##### Data records

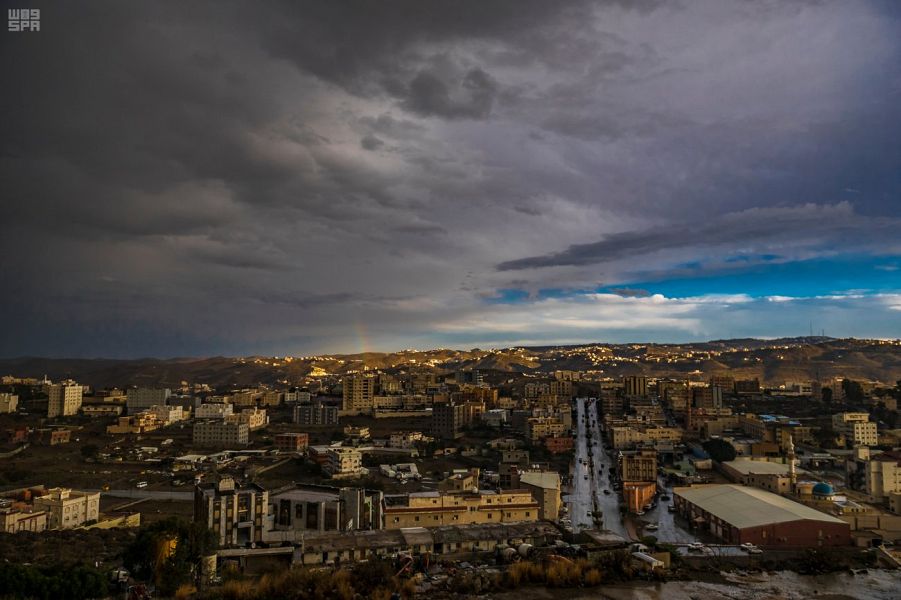 10 ساعات رؤية غير جيدة في 4 مناطق بسبب الرطوبة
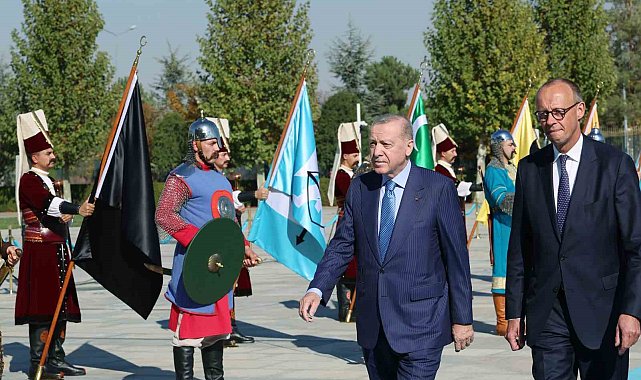 Cumhurbaşkanı Erdoğan, Almanya Başbakanı Merz'i resmi törenle karşıladı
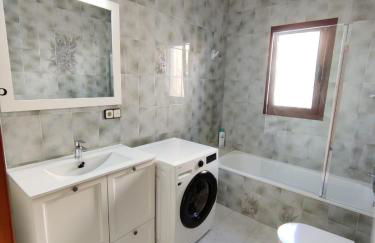 Villa with stunning sea views - Photo 12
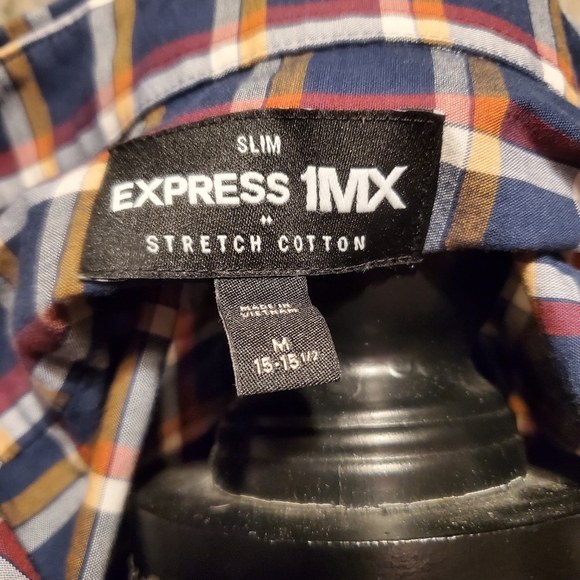 Express 1MX Button Up - Picture 2 of 2
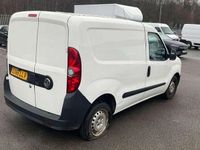 Second-hand Vauxhall Combo 2016 Alb Van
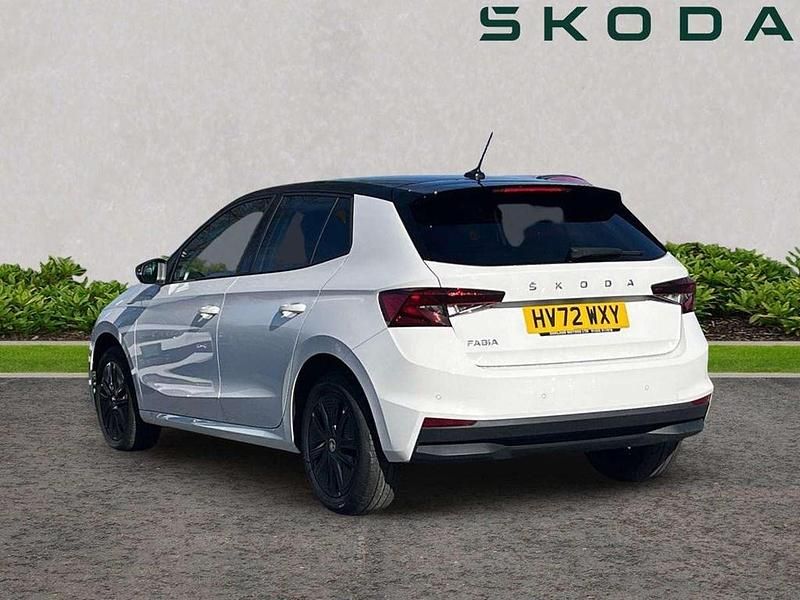 Used Skoda Fabia Colour Edition 108 HP (79 kW) 2022 White Hatchback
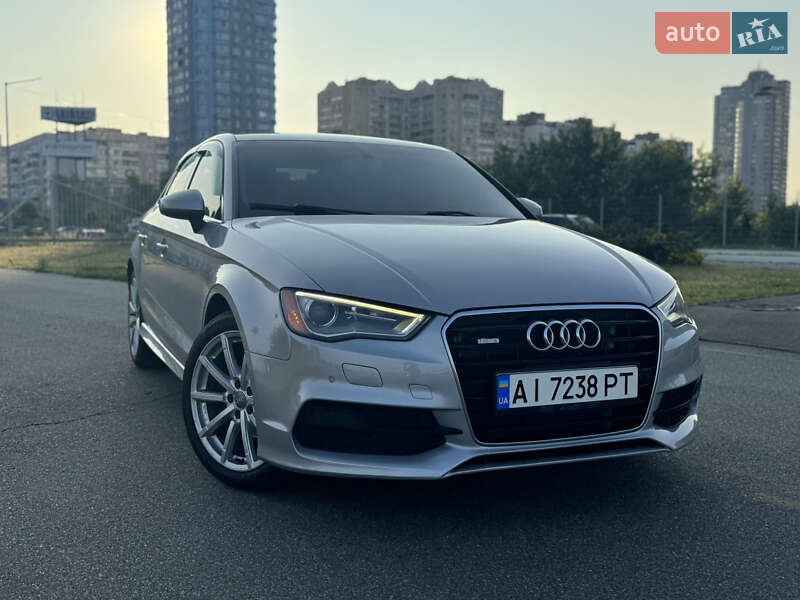 Седан Audi A3 2014 в Киеве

##########

Task description:
Copy these entries precisely and drop any picture.

Solution to the problem:
 10 ساعات رؤية غير جيدة في 4 مناطق بسبب الرطوبة
 Cumhurbaşkanı Erdoğan, Almanya Başbakanı Merz'i resmi törenle karşıladı
 Villa with stunning sea views - Photo 12
 Express 1MX Button Up - Picture 2 of 2
 Second-hand Vauxhall Combo 2016 Alb Van
 Used Skoda Fabia Colour Edition 108 HP (79 kW) 2022 White Hatchback
 Седан Audi A3 2014 в Киеве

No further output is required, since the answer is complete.